Nedense önceki gün (pazar) kendimi pek şanslı hissettim! Çünkü dünyada eşi, benzeri pek görülmeyecek bir olayın tanığı oldum. Geçtiğimiz hafta oynanan Bursaspor-Ankaraspor maçında Samet Aybaba Bursa kulübesindeydi. Ben de oradaydım. Aybaba pazar günü ise Konya'da Gençlerbirliği kulübesindeydi. Ben yine oradaydım. Bir teknik adamı bir hafta arayla iki ayrı takımın kulübesinde görme şansına sahip olan dünyadaki ender spor yazarlarından biri olduğum için talihime şükrettim!
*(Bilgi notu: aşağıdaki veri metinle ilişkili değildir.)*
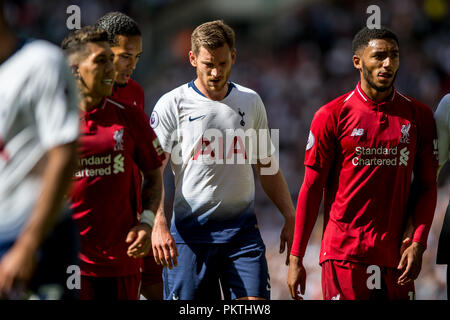 London, Großbritannien. 15. Sep 2018. Jan Vertonghen von Tottenham Hotspur beim Premier League Spiel zwischen den Tottenham Hotspur und Liverpool im Wembley Stadion, London, England am 15. September 2018. Foto von salvio Calabrese. 15 Sep, 2018. Quelle: AFP 7/ZUMA Draht/Alamy leben Nachrichten Stockfoto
Ülkemizdeki teknik direktör sirkülasyonunun hangi boyutlara ulaştığının çok açık ve çarpıcı bir göstergesiydi Samet Aybaba'nın mesleki rotasyonu!
Derdimiz Samet Aybaba değil. Benim görüşüm, Aybaba'nın Bursa'dan ayrılması doğru değildi. Başarısız da değildi. Ama bıraktı. Sorun kan uyuşmazlığıydı. Ancak iki gün içinde derhal iş bulması anlaşılır gibi değil. Bir hafta içinde 5 takımın hoca değişitirmesi de öyle. Keza, 10 haftada 9 takımın 10 teknik direktör denemesi de! Bu sayının burada kalmayacağını da biliyorum. Bu sorun kronik bir hal aldı. Çare hoca kıyımını önleyecek yönetmelik değişikliğinde.
Aslında bu yazı malumun ilamı. Geçeceğim Fenerbahçe-Galatasaray derbisine. Ama geçemiyorum. Çünkü söylenecek söz yok! Bu maç da malumun ilamıydı!